There was the intermittent sound of the sharp whistling of milk into the pail, and Kester, sitting on a three-legged stool, cajoling a capricious cow into letting her fragrant burden flow. Sylvia stood near the farther window-ledge, on which a horn lantern was placed, pretending to knit at a gray worsted stocking, but in reality laughing at Kester's futile endeavours, and finding quite enough to do with her eyes, in keeping herself untouched by the whisking tail, or the occasional kick. The frosty air was mellowed by the warm and odorous breath of the cattle—breath that hung about the place in faint misty clouds. There was only a dim light; such as it was, it was not dearly defined against the dark heavy shadow in which the old black rafters and manger and partitions were enveloped.
As Charley came to the door, Kester was saying, 'Quiet wi' thee, wench! Theere now, she's a beauty, if she'll stand still. There's niver sich a cow i' t' Riding; if she'll only behave hersel'. She's a bonny lass, she is; let down her milk, theere's a pretty!'
'Why, Kester,' laughed Sylvia, 'thou'rt asking her for her milk wi' as many pretty speeches as if thou wert wooing a wife!'
'Hey, lass!' said Kester, turning a bit towards her, and shutting one eye to cock the other the better upon her; an operation which puckered up his already wrinkled face into a thousand new lines and folds. 'An' how does thee know how a man woos a wife, that thee talks so knowin' about it? That's tellin'. Some un's been tryin' it on thee.'
'There's niver a one been so impudent,' said Sylvia, reddening and tossing her head a little; 'I'd like to see 'em try me!'
'Well, well!' said Kester, wilfully misunderstanding her meaning, 'thou mun be patient, wench; and if thou's a good lass, may-be thy turn 'll come and they 'll try it.'
'I wish thou'd talk of what thou's some knowledge on, Kester, i'stead of i' that silly way,' replied Sylvia.

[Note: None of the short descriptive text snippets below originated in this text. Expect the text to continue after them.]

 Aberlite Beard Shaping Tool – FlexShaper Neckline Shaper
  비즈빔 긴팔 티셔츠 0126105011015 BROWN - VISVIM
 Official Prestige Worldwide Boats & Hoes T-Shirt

'Then a mun talk no more 'bout women, for they're past knowin', an' druv e'en King Solomon silly.'
At this moment Charley stepped in. Sylvia gave a little start and dropped her ball of worsted. Kester made as though absorbed in his task of cajoling Black Nell; but his eyes and ears were both vigilant.

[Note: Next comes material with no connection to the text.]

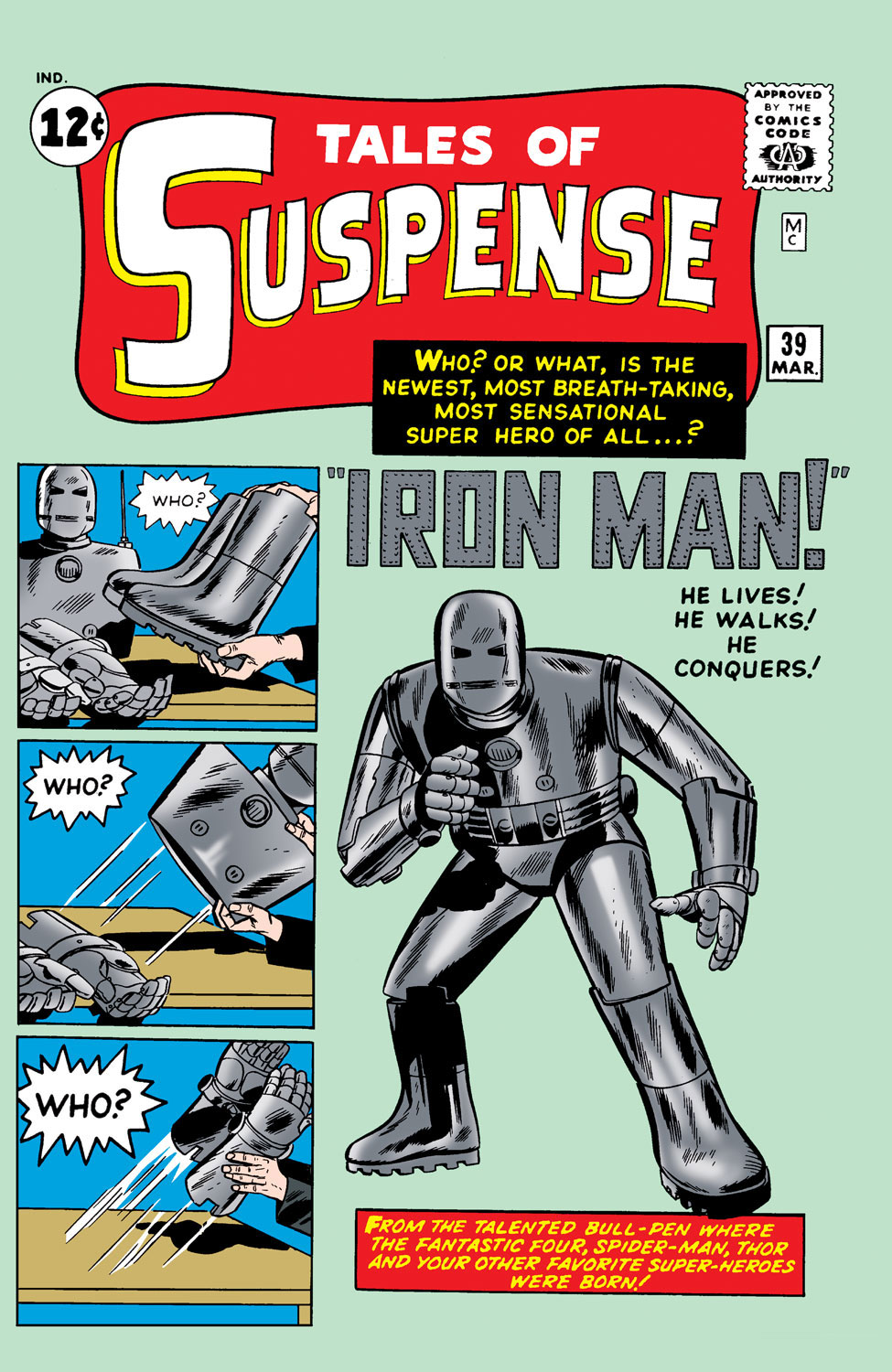 Tales of Suspense (1959) #39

'I was going into the house, but I saw yo'r mother asleep, and I didn't like to waken her, so I just came on here. Is yo'r father to the fore?'
'No,' said Sylvia, hanging down her head a little, wondering if he could have heard the way in which she and Kester had been talking, and thinking over her little foolish jokes with anger against herself. 'Father is gone to Winthrop about some pigs as he's heerd on. He'll not be back till seven o'clock or so.'
It was but half-past five, and Sylvia in the irritation of the moment believed that she wished Kinraid would go. But she would have been extremely disappointed if he had. Kinraid himself seemed to have no thought of the kind. He saw with his quick eyes, not unaccustomed to women, that his coming so unexpectedly had fluttered Sylvia, and anxious to make her quite at her ease with him, and not unwilling to conciliate Kester, he addressed his next speech to him, with the same kind of air of interest in the old man's pursuit that a young man of a different class sometimes puts on when talking to the chaperone of a pretty girl in a ball-room.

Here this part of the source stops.